Stored dataset items:
================
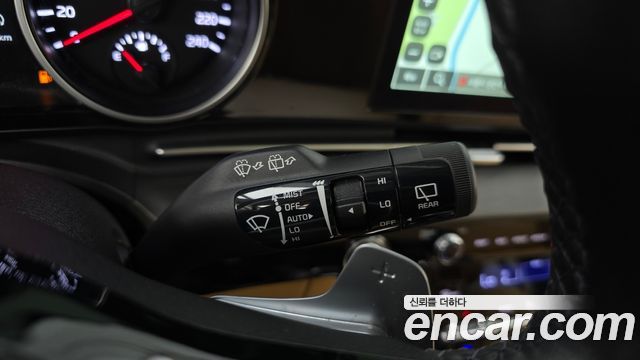 Kia Canival 2023 — photo 30
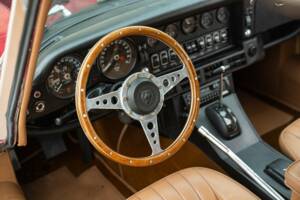 Afbeelding 43/50 van Jaguar E-Type V12 (2+2) (1972)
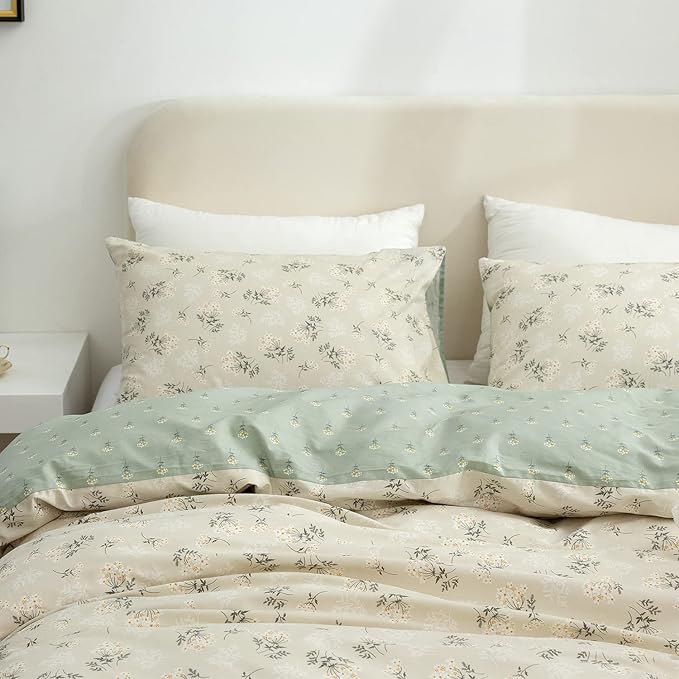 King Comforter Set - Soft Cute Floral Bedding, Green Flower Print Botanical Garden Style, 1 Comforter and 1 Pillowcases for All Seasons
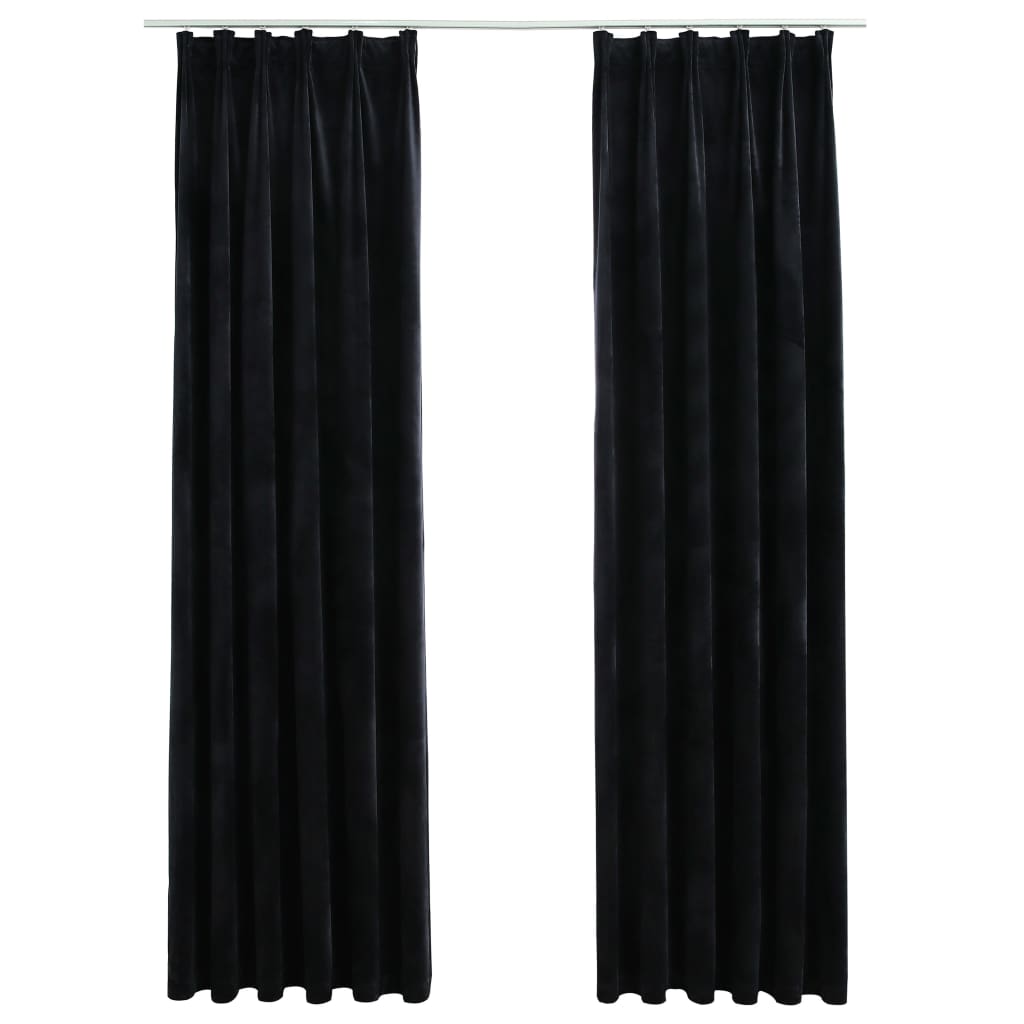 Kleur: zwart Afmetingen: 140 x 175 cm (B x H) Materiaal: 100% polyester fluweel Met metalen haken Levering bevat 2 gordijnen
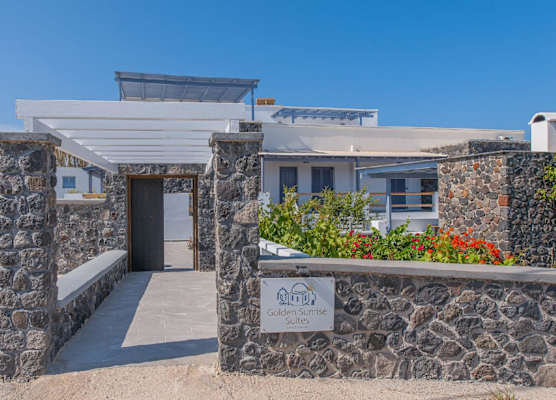 Golden Sunrise Suites Santorini 1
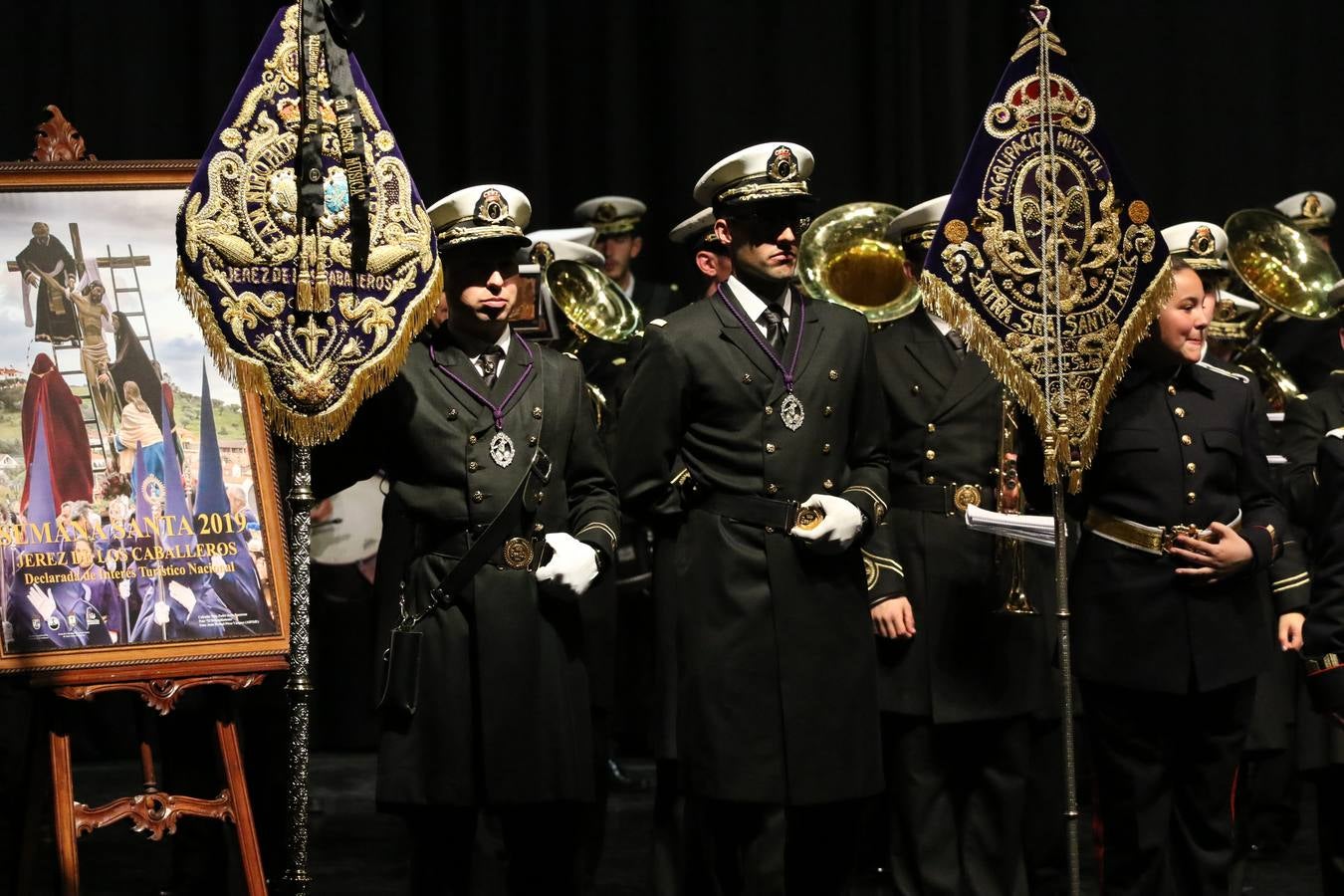 El Cine-teatro Balboa acogió, ayer, la sexta edición del 'Certamen de Bandas Solidario', organizado por la Junta de Cofradías de la Semana Santa de Jerez de los Caballeros. Un Certamen que, gracias a la participación de las distintas agrupaciones musicales del municipio y del Valle de Santa Ana, consiguió recaudar 375 euros y 36 kilos a beneficio del Almacén de Alimentos que Cruz Roja gestiona en Jerez. 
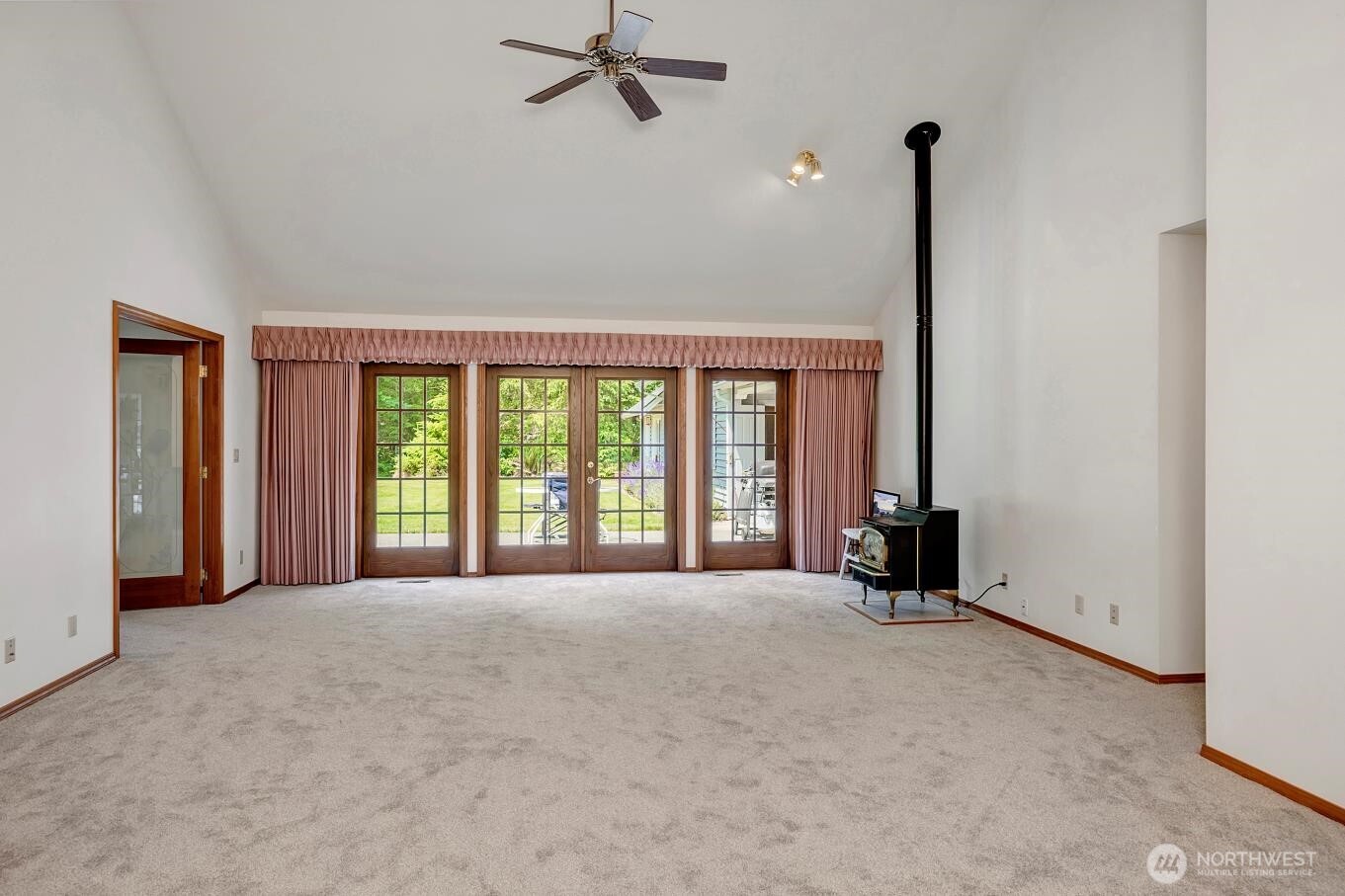 2829 Lake Langlois Road Northeast Carnation, WA 98014 - Photo 16 of 39 Gallery Image 16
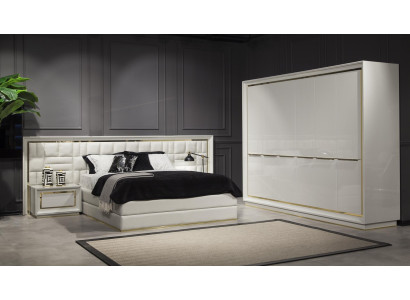 Moderne en comfortabele witte kast met luxe opbergruimte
================
PROBLEM DESCRIPTION:
Without the pictures, reproduce the entries exactly.

EXPECTED ANSWER:
 Kia Canival 2023 — photo 30
 Afbeelding 43/50 van Jaguar E-Type V12 (2+2) (1972)
 King Comforter Set - Soft Cute Floral Bedding, Green Flower Print Botanical Garden Style, 1 Comforter and 1 Pillowcases for All Seasons
 Kleur: zwart Afmetingen: 140 x 175 cm (B x H) Materiaal: 100% polyester fluweel Met metalen haken Levering bevat 2 gordijnen
 Golden Sunrise Suites Santorini 1
 El Cine-teatro Balboa acogió, ayer, la sexta edición del 'Certamen de Bandas Solidario', organizado por la Junta de Cofradías de la Semana Santa de Jerez de los Caballeros. Un Certamen que, gracias a la participación de las distintas agrupaciones musicales del municipio y del Valle de Santa Ana, consiguió recaudar 375 euros y 36 kilos a beneficio del Almacén de Alimentos que Cruz Roja gestiona en Jerez. 
 2829 Lake Langlois Road Northeast Carnation, WA 98014 - Photo 16 of 39 Gallery Image 16
 Moderne en comfortabele witte kast met luxe opbergruimte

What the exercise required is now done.